Sunday, December 31, 2006

I am the Fianancial Times and I'm afraid of the mullahs...

It is not exactly lost to those who study the international impact of the mullahs' actions, that the Fianancial Times is in the vanguard of appeasement. In an editorial on December 19, 2006, "Theocratic democracy", it suggests the choosing of the chameleon akhond, Rafsanjani, as being essential to weakening of the "conservatives", ala the mock-president Mr. Ahmadi-nejad. You see, the FT sees Mr. Rafsanjani on the camp of the "reformers", ala the other mock-president, Mr. Khatami. Just what exactly these people are reforming, is not made clear.

This is what FT calls theocratic democracy, although this is not the first time the phrase has been used in describing the dysfunctional mullahs.
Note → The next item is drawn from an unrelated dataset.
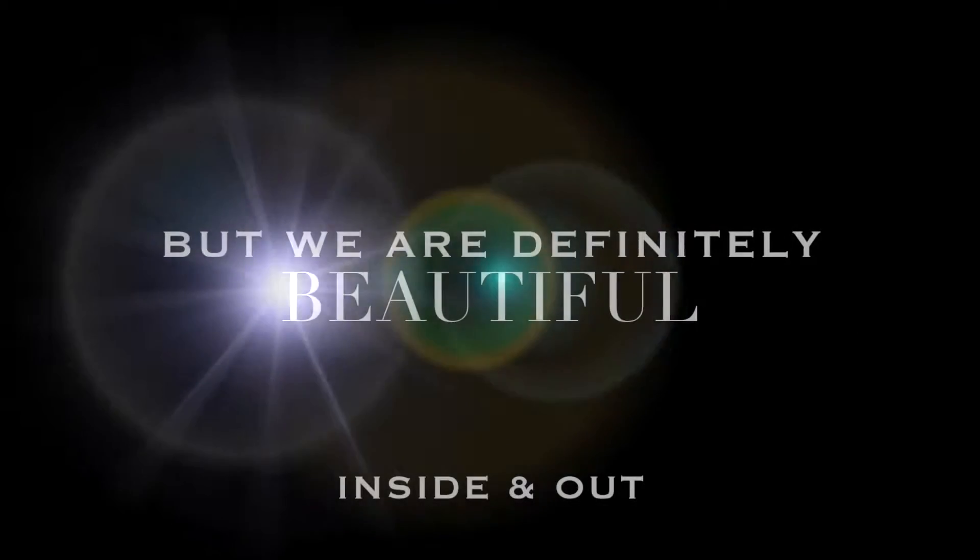Well there you have it! I really really hope you enjoyed this look. If you found it helpful please be sure to give it a big thumbs up and hit that subscribe button below. I love you all so much for watching, and until next time please remember that none of us are perfect but we are definitely beautiful inside and out.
So much for old phrases. We're reminded and remind that back in 1844, a certain Joseph Smith, the founder of the Morman church and the spiritial advisor to Mitt Romney, who wants to become the next president of the US, ran for the US presidency, on a platform of "theodemocracy". It sounds familiar, does it not?

It is not my Eid... so says the judge

Saddam Hussein was executed on Saturday, December 30, 2006 in the early Baghdad hours (6:10 am). The sentence came about quite swiftly, at least according to the American sense of justice. It is an entirelly different manner in the middle east. Saturday was, by most accounts, the day of Eid of Sacrifice- the time when the Hajj pilgrims, are required, by whom we do not know, to slaughter a sheep, a goat, a cow, a camal- in the name of the holy sacrifice. More than two million of them each year. The day is also a time of reflection for most ordinary moslims, but for the Middle Eastern dictators- and there are many- it is also a time to be jolly and release as many non-essential or accidental prisoners.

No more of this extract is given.